How Those Super-Complicated Viral Starbucks Drinks Are Boosting the Company's Bottom Line
By Jake Rossen
The days of simply ordering coffee with or without cream and/or sugar have been over for quite some time now, and Starbucks couldn’t be happier. Despite the increasing exasperation of their baristas, who are faced with fielding complicated cold beverage orders, the company recently said these ‘Appuchinos’ are helping keep them profitable.
In a July earnings call with investors, Starbucks CEO Kevin Johnson noted that the cold beverage category—and its endless combinations of ingredients, from honey to espresso pumps—is leading the way. “The investments we have made over the past few years innovating and expanding our coffee-forward cold beverage platform continue to boost sales and draw new customers to Starbucks,” Johnson said. “The cold category represented 74 percent of beverage sales [over the past quarter], growing 10 percentage points over the past two years.”
Johnson reiterated the point to Yahoo! Finance Live. “I tell ya—customers love them, and especially the Millennial and the Gen Z cohorts, they really enjoy those cold beverages,” he said.
“So that is really a big part of what's driving growth in terms of the platform is the fact that we have these personal, handcrafted beverages, both hot and cold, that customers love.”
The growth can be attributed in part to the pandemic, where Starbucks customers have been using the company’s app to order drinks for pick-up and opting for a virtually unlimited choice of combinations. It’s simply easier to ask the app for a complicated drink than rattle off that same order in front of a real barista. (Orders via the app grew from 18 percent in January to March of 2020 to 26 percent in the same period in 2021).
The result is a drink with an order ticket nearly the length of a CVS receipt. Some of these drink orders wind up going viral, shared either by customers or baristas who can’t believe they need to prepare a drink with 12 or more ingredients or dozens of modifications.

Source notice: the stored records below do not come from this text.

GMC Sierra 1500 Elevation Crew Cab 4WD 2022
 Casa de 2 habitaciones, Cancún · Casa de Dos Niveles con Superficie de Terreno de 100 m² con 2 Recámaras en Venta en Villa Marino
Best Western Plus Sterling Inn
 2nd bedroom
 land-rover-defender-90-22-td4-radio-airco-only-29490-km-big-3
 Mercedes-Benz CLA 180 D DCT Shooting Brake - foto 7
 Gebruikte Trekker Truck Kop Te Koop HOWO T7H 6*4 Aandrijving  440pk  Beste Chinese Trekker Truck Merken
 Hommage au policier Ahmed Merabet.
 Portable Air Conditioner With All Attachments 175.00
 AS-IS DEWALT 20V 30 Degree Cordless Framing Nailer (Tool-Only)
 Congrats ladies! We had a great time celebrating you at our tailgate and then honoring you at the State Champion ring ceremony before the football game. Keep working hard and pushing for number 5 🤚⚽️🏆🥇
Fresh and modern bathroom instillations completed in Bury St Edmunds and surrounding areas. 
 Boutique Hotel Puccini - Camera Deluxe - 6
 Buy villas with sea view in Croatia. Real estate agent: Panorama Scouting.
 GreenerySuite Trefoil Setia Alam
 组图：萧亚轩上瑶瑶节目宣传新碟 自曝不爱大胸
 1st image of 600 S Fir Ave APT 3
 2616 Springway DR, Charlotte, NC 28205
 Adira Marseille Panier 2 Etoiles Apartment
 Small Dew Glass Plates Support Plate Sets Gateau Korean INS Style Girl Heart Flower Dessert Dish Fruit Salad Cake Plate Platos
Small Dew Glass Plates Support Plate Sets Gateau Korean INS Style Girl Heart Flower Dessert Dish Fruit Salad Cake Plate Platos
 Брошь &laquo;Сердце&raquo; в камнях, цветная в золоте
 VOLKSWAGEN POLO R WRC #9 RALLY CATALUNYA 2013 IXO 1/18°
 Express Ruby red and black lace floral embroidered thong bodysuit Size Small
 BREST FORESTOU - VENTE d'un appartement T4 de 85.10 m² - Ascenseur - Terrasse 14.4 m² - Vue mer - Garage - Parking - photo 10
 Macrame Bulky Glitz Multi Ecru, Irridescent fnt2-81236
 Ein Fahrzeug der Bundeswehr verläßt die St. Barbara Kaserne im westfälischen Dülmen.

The orders are part entertainment—customers may be hoping to score a viral TikTok sensation with an outlandish drink—and they may even be expressing some rooted need for control in some tumultuous times. Or maybe they're just ordering a cold beverage for their pup. Either way, Starbucks benefits greatly from the free advertising. As the drinks get shared, more people are encouraged to order their own.
So while you may find the ‘Appuchino’ trend silly, take heart. It might be one reason coffee inflation won’t hit Starbucks anytime soon.